> _WORKING DATA_:

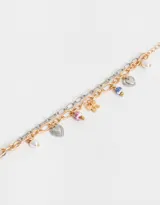 Pulsera multicadena de eslabones dorados y plateados con dijes de corazón calado, mariposa, perla y cuentas de cerámica.
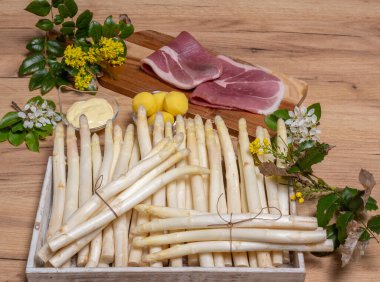 Jambon, patates ve Hollandaise soslu taze kuşkonmaz. 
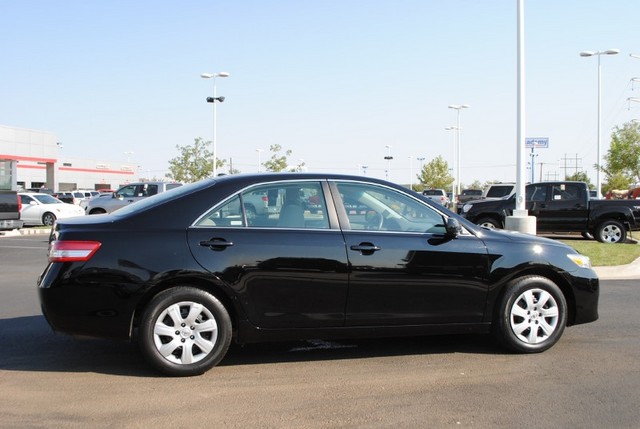 Toyota Camry 2011 photo 3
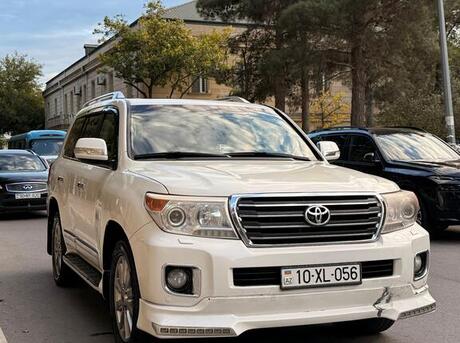 Toyota Land Cruiser 2014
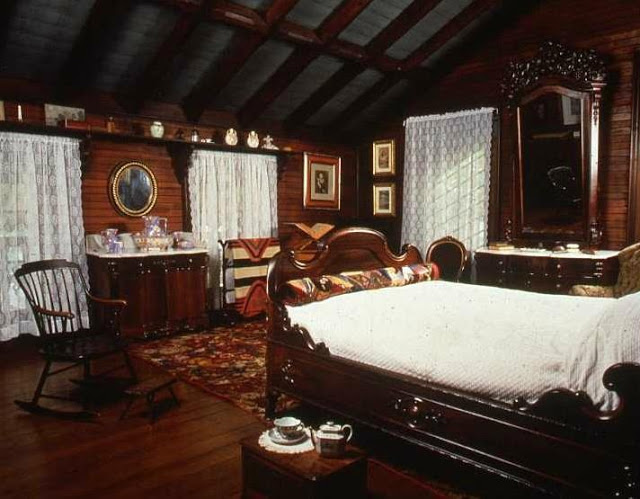 The bedroom of Mr. Robert Tinker(Swiss Cottage property).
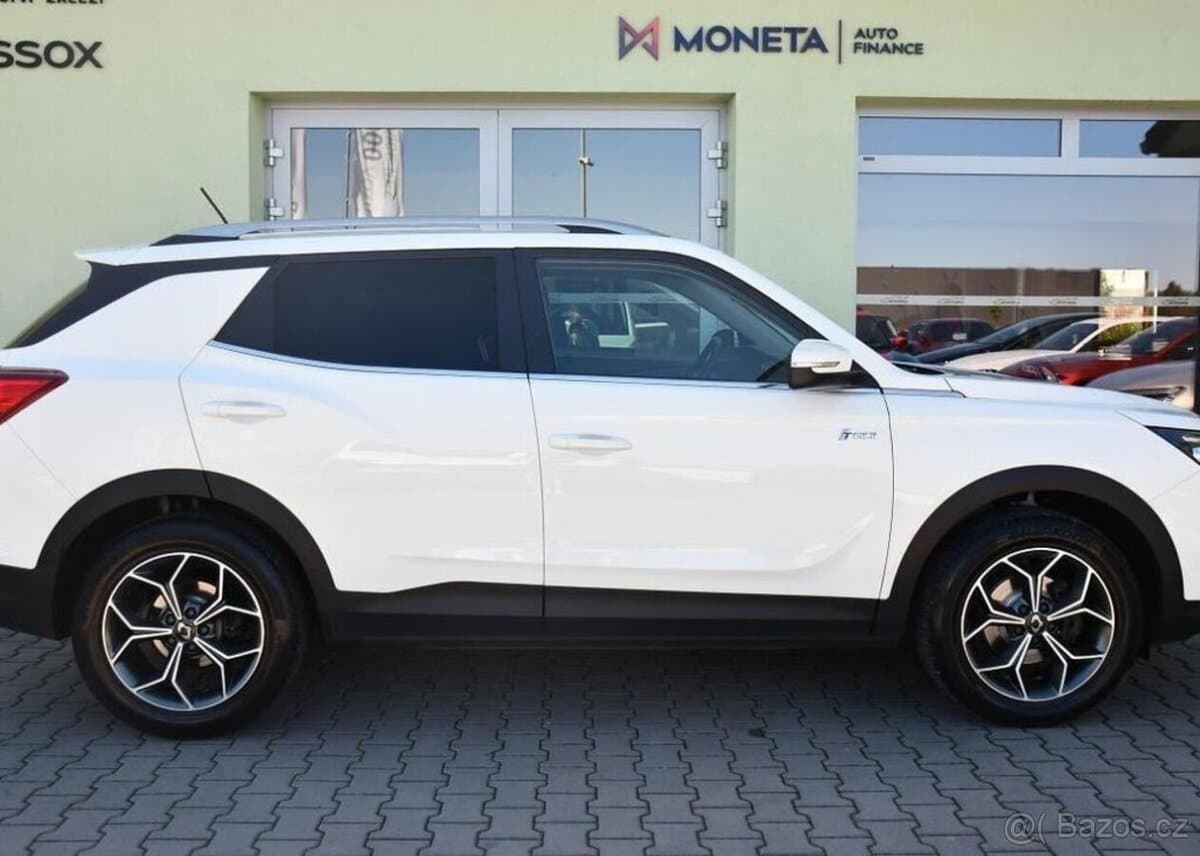 2020 SsangYong KORANDO - 12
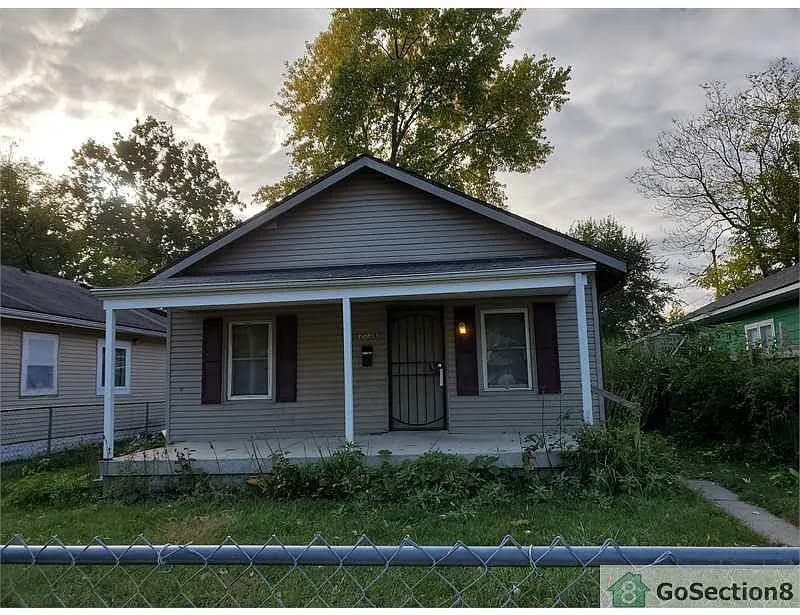 2034 Houston St photo 1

> _WORK REQUIRED_:
Write out the line that contains "The bedroom of" and every line after it to the end of the data, exactly as they stand. Omit the pictures.

> _EXERCISE RESPONSE_:
 The bedroom of Mr. Robert Tinker(Swiss Cottage property).
 2020 SsangYong KORANDO - 12
 2034 Houston St photo 1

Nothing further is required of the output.